ACTIVITY: Copy each line containing "illustration" from the listing below.

PROVIDED INFORMATION:

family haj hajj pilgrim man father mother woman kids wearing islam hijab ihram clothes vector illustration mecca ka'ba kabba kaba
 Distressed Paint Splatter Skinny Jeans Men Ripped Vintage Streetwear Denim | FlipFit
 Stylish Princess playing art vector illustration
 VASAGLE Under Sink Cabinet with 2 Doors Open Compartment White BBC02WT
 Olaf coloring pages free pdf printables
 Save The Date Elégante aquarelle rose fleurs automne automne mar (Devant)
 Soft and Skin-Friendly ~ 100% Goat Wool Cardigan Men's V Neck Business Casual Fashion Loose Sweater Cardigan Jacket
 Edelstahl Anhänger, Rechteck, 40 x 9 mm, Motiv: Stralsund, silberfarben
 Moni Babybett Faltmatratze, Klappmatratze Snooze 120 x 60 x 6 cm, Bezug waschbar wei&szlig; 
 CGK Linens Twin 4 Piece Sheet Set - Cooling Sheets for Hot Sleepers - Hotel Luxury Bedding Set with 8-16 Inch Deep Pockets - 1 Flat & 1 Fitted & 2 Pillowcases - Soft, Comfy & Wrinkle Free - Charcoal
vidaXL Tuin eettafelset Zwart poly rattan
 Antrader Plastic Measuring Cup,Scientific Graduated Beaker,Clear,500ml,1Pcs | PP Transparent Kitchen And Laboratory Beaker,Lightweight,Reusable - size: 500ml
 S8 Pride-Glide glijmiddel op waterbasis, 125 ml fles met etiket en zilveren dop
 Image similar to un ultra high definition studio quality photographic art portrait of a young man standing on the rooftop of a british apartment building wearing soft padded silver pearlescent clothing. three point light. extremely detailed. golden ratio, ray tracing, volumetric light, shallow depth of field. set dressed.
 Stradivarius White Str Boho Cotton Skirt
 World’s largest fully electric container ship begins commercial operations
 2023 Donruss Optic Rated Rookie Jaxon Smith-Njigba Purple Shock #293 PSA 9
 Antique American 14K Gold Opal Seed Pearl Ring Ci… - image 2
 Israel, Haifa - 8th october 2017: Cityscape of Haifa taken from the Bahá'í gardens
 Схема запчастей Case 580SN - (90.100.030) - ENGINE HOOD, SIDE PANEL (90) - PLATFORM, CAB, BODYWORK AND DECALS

EXPECTED ANSWER:
family haj hajj pilgrim man father mother woman kids wearing islam hijab ihram clothes vector illustration mecca ka'ba kabba kaba
 Stylish Princess playing art vector illustration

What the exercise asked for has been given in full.